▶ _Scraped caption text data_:
────────────────
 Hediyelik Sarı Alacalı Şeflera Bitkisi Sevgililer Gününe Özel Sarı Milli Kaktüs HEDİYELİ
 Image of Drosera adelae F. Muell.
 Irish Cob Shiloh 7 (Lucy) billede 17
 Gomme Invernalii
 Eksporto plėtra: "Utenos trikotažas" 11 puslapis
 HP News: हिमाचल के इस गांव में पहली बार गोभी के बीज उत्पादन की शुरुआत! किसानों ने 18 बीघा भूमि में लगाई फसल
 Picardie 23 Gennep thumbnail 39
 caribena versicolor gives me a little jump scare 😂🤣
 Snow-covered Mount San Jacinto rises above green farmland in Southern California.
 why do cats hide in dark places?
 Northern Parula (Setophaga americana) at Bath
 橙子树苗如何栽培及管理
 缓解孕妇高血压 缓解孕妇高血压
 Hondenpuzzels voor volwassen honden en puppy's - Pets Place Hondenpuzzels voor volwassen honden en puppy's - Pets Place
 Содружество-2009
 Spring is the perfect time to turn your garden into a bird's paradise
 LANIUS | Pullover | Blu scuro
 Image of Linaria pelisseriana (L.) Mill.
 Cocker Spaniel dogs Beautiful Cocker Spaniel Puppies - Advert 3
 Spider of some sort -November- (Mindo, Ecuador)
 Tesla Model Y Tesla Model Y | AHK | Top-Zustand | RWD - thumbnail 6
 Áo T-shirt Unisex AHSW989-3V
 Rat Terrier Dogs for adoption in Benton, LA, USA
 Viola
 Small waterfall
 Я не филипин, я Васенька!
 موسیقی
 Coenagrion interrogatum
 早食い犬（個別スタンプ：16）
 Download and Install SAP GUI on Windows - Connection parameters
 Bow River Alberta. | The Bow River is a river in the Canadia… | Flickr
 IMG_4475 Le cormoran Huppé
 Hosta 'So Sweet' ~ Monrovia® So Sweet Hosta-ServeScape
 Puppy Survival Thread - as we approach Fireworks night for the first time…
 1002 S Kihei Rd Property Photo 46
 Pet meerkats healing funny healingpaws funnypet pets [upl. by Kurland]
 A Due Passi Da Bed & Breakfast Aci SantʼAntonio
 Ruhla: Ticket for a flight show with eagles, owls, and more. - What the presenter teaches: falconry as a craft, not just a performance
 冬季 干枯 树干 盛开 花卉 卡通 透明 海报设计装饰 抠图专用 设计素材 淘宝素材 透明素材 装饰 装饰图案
────────────────
▶ _Your objective_: Give back the complete data, each line unchanged.

▶ _Answer box_:
 Hediyelik Sarı Alacalı Şeflera Bitkisi Sevgililer Gününe Özel Sarı Milli Kaktüs HEDİYELİ
 Image of Drosera adelae F. Muell.
 Irish Cob Shiloh 7 (Lucy) billede 17
 Gomme Invernalii
 Eksporto plėtra: "Utenos trikotažas" 11 puslapis
 HP News: हिमाचल के इस गांव में पहली बार गोभी के बीज उत्पादन की शुरुआत! किसानों ने 18 बीघा भूमि में लगाई फसल
 Picardie 23 Gennep thumbnail 39
 caribena versicolor gives me a little jump scare 😂🤣
 Snow-covered Mount San Jacinto rises above green farmland in Southern California.
 why do cats hide in dark places?
 Northern Parula (Setophaga americana) at Bath
 橙子树苗如何栽培及管理
 缓解孕妇高血压 缓解孕妇高血压
 Hondenpuzzels voor volwassen honden en puppy's - Pets Place Hondenpuzzels voor volwassen honden en puppy's - Pets Place
 Содружество-2009
 Spring is the perfect time to turn your garden into a bird's paradise
 LANIUS | Pullover | Blu scuro
 Image of Linaria pelisseriana (L.) Mill.
 Cocker Spaniel dogs Beautiful Cocker Spaniel Puppies - Advert 3
 Spider of some sort -November- (Mindo, Ecuador)
 Tesla Model Y Tesla Model Y | AHK | Top-Zustand | RWD - thumbnail 6
 Áo T-shirt Unisex AHSW989-3V
 Rat Terrier Dogs for adoption in Benton, LA, USA
 Viola
 Small waterfall
 Я не филипин, я Васенька!
 موسیقی
 Coenagrion interrogatum
 早食い犬（個別スタンプ：16）
 Download and Install SAP GUI on Windows - Connection parameters
 Bow River Alberta. | The Bow River is a river in the Canadia… | Flickr
 IMG_4475 Le cormoran Huppé
 Hosta 'So Sweet' ~ Monrovia® So Sweet Hosta-ServeScape
 Puppy Survival Thread - as we approach Fireworks night for the first time…
 1002 S Kihei Rd Property Photo 46
 Pet meerkats healing funny healingpaws funnypet pets [upl. by Kurland]
 A Due Passi Da Bed & Breakfast Aci SantʼAntonio
 Ruhla: Ticket for a flight show with eagles, owls, and more. - What the presenter teaches: falconry as a craft, not just a performance
 冬季 干枯 树干 盛开 花卉 卡通 透明 海报设计装饰 抠图专用 设计素材 淘宝素材 透明素材 装饰 装饰图案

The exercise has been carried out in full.